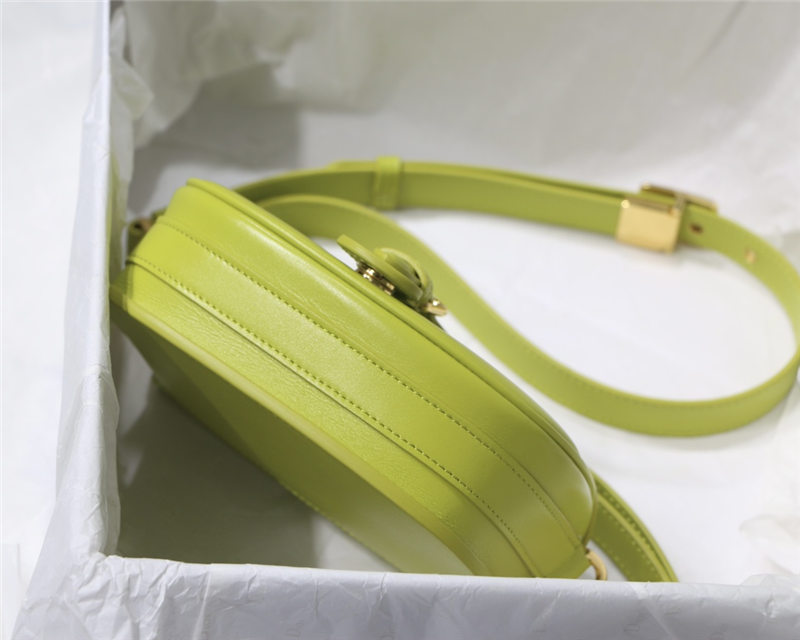 SMALL Dior BOBBY BAG Box Calfskin Lime High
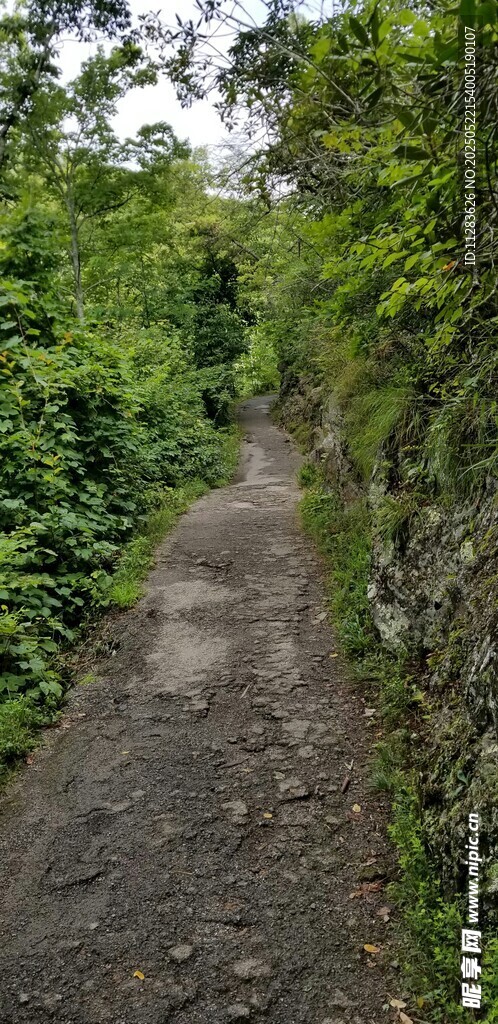 山間幽靜小徑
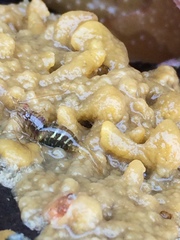 Heptacarpus pugettensis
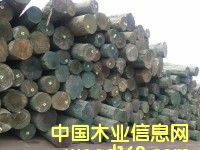 ݗ���ɵ�Ԕ����B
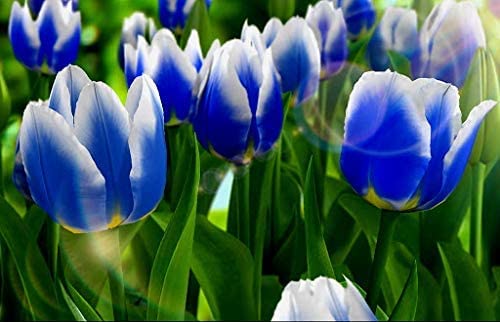 Sky Blue Tulip Flower Seeds for Planting
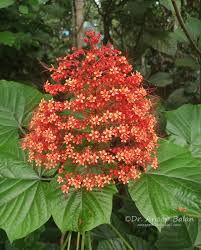 Image result for Clerodendrum fuscum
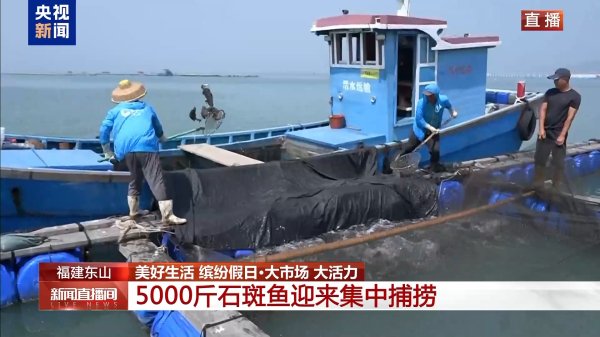 富牛网 大市场 大活力丨海上石斑鱼“搬家”忙 海鲜迎来销售旺季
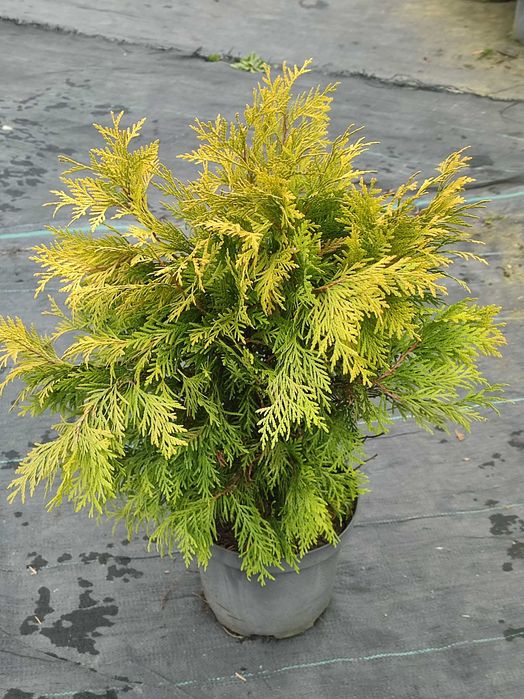 Tuja kula do 1 m żółta żywopłot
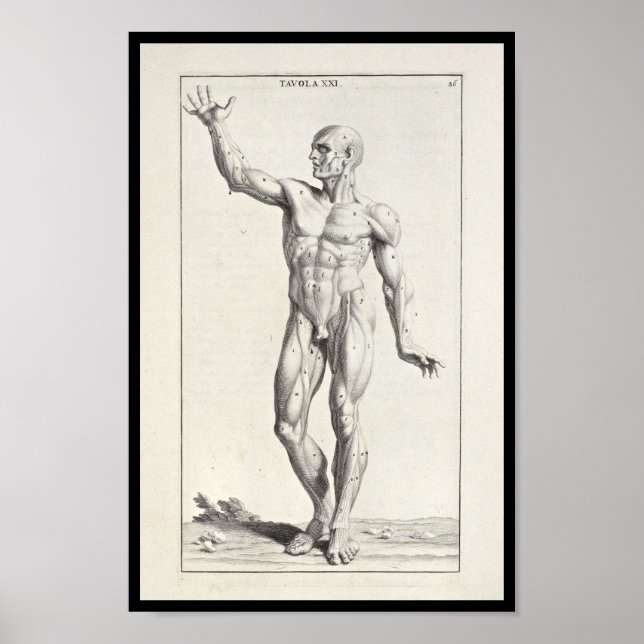 Poster 1691 Artistique Anatomie Muscles Corps Art Imprime (Devant)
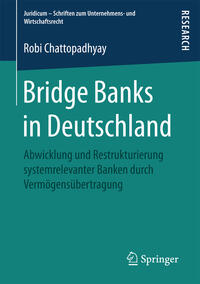 Vorderes Coverbild Bridge Banks in Deutschland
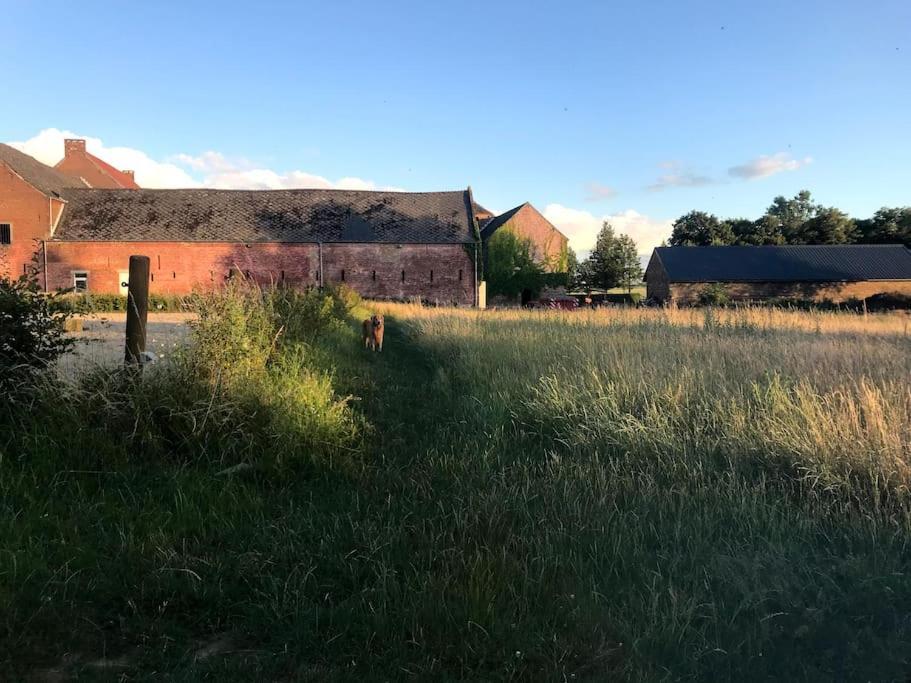 Le Cottage - Maison De 6 A 8 Personnes - La Ferme Du Try Frasnes-lez-Gosselies エクステリア 写真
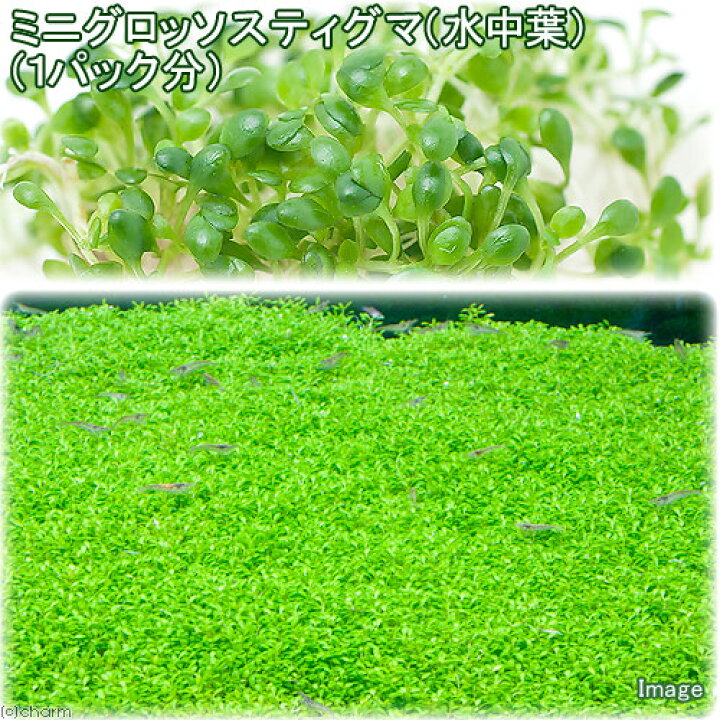 楽天市場】(水草)ミニグロッソスティグマ(水中葉)(無農薬)(3パック分) : charm 楽天市場店 楽天市場】(水草)ミニグロッソスティグマ(水中葉)(無農薬)(3パック分) : charm 楽天市場店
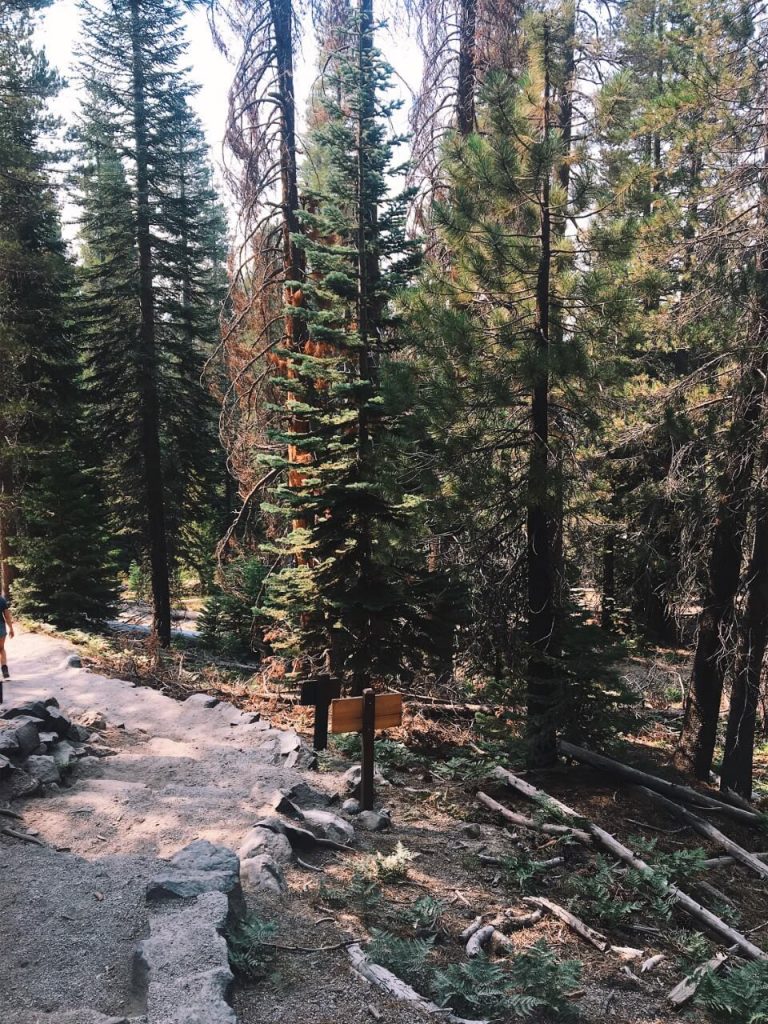 mammoth lakes
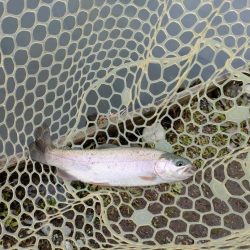 やっぱり渋かった!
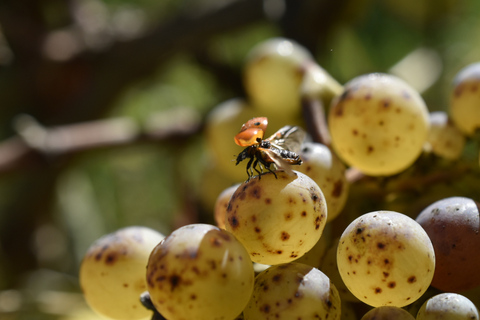 Educational hike in the Anjou vineyards Wine Hike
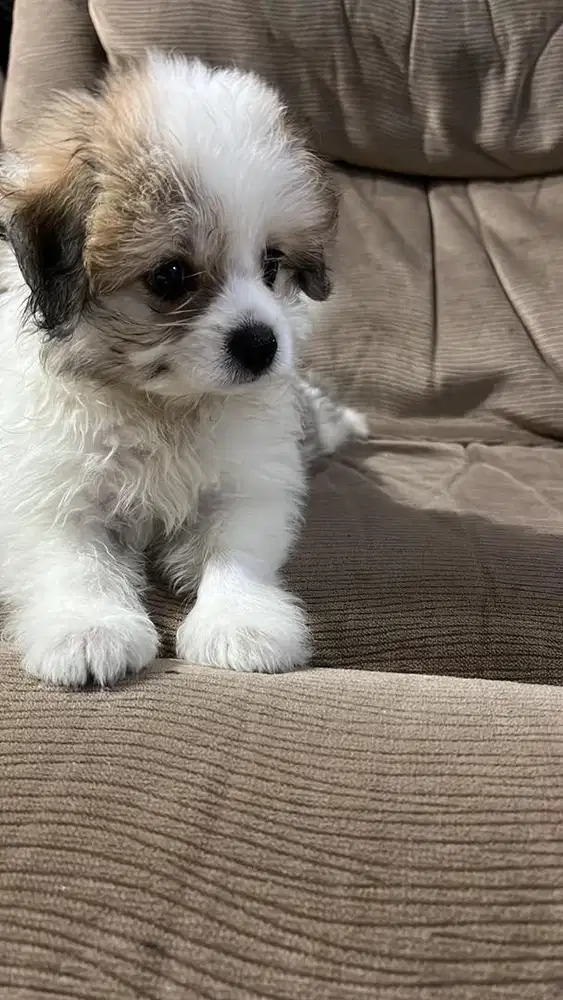 Anjing mix shitzu dan minipom
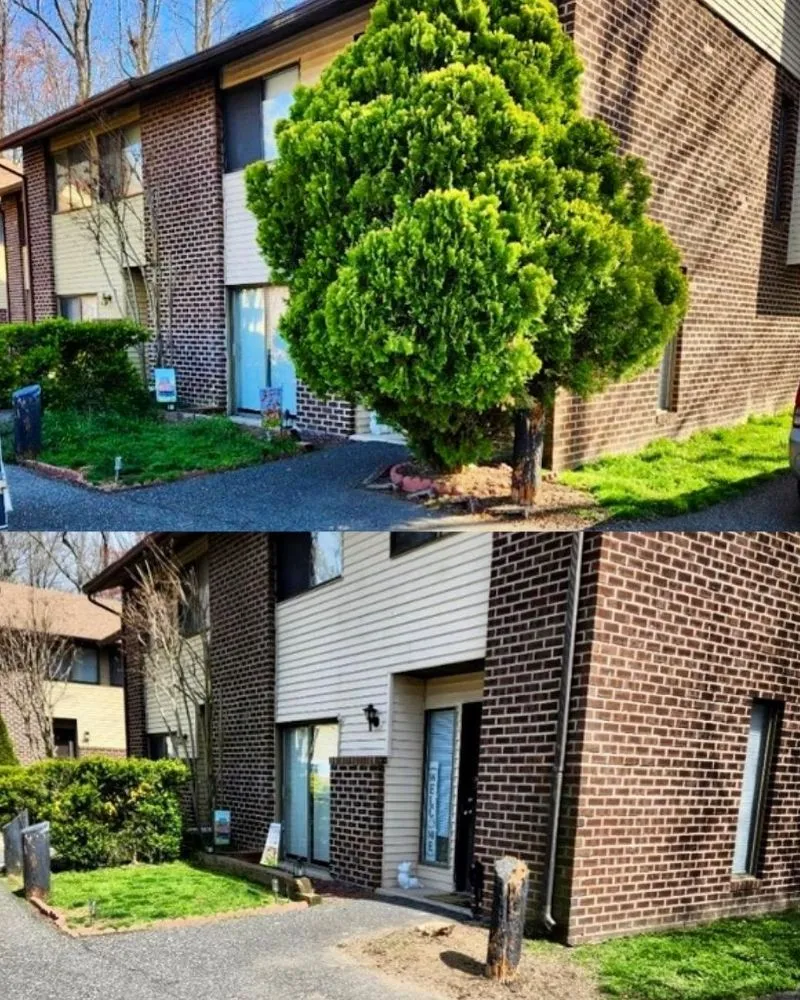 Trusted landscaping services for homes across Woodbury, NJ - Clean Edge Lawn Solutions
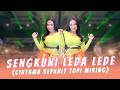 SENGKUNI LEDA LEDE (Koplo Version) - Lala Widy | Cintamu Sepahit Topi Miring (MV ANEKA SAFARI)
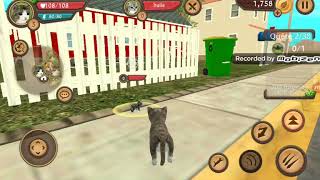 La Fin De La Série Cat Sim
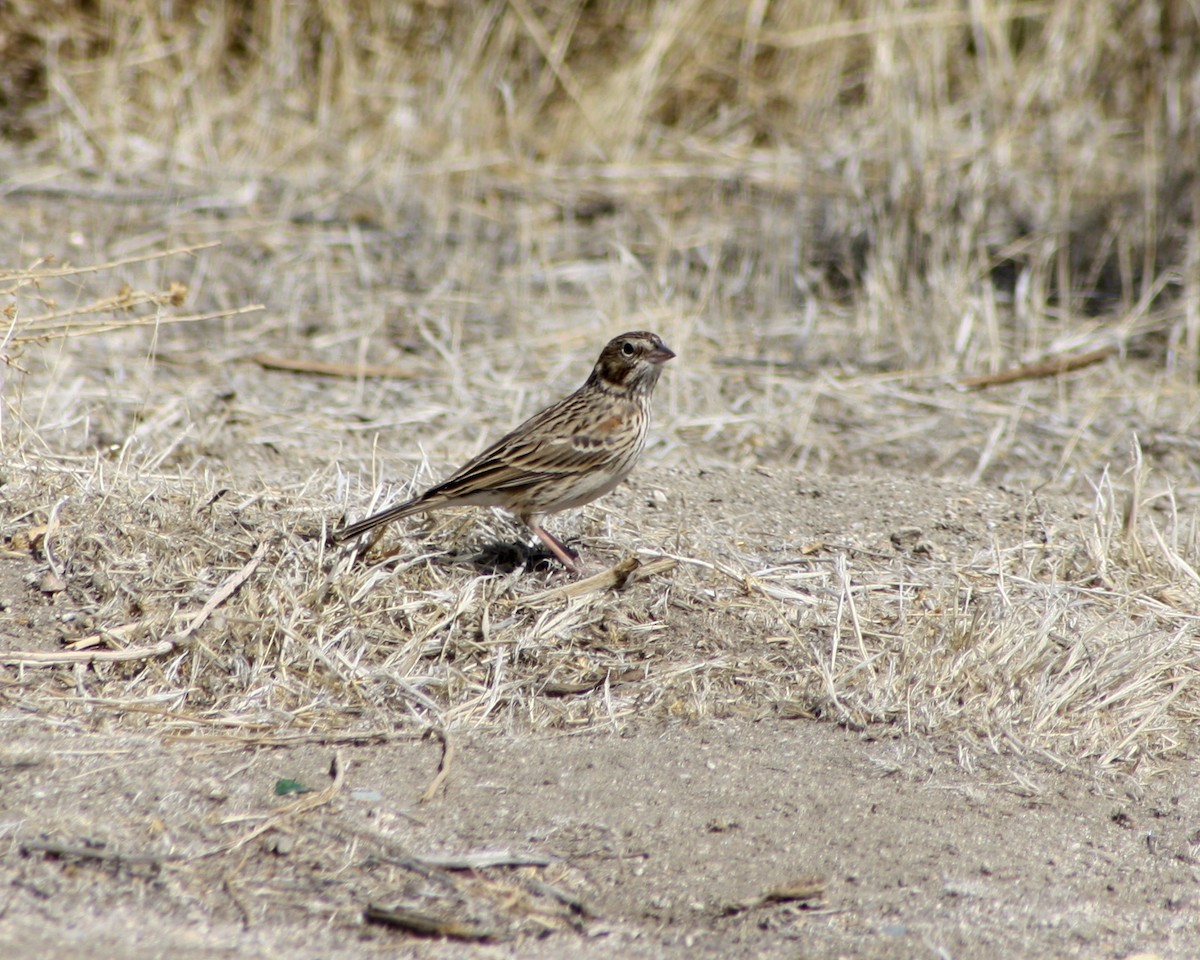 Vesper Sparrow - ML357273041
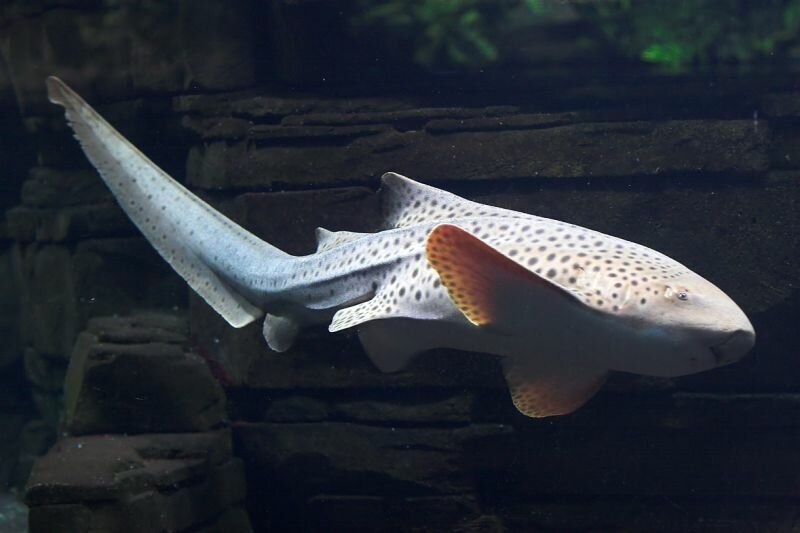 ein Hai im Berliner Aquarium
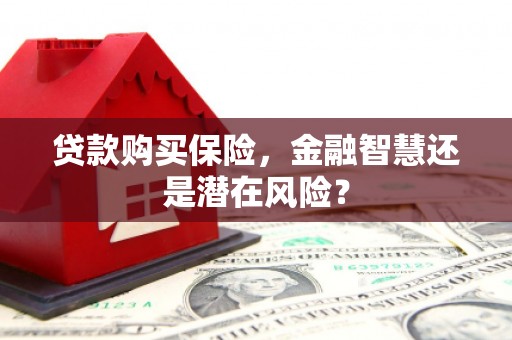 三亚贷款购买保险，金融智慧还是潜在风险？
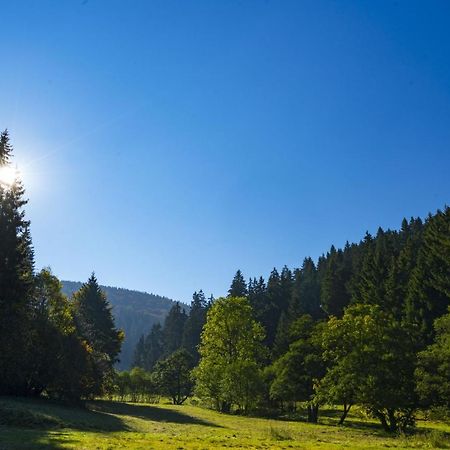 The Conscious Farmer Bed And Breakfast Sauerland Willingen  Zewnętrze zdjęcie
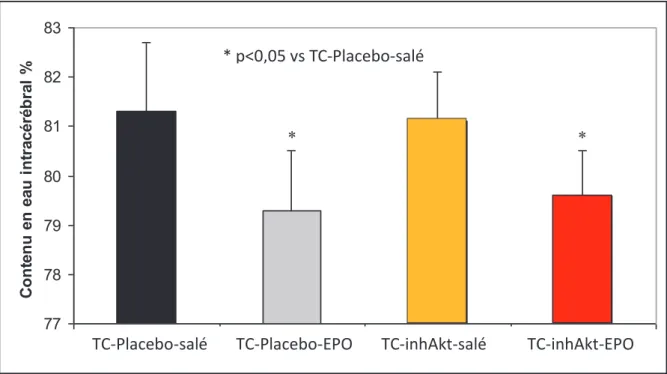 Figure 11 : Contenu en eau intracérébral à H+2 du TC au niveau du cortex dans les groupes  de  rats  TC-Placebo  et  TC-inhAkt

————

What needs to be done: Using the records above, return verbatim only the part that opens with the line containing "mammoth lakes" and closes with the line containing "Trusted landscaping services"; pictures stay out.

Response area:
 mammoth lakes
 やっぱり渋かった!
 Educational hike in the Anjou vineyards Wine Hike
 Anjing mix shitzu dan minipom
 Trusted landscaping services for homes across Woodbury, NJ - Clean Edge Lawn Solutions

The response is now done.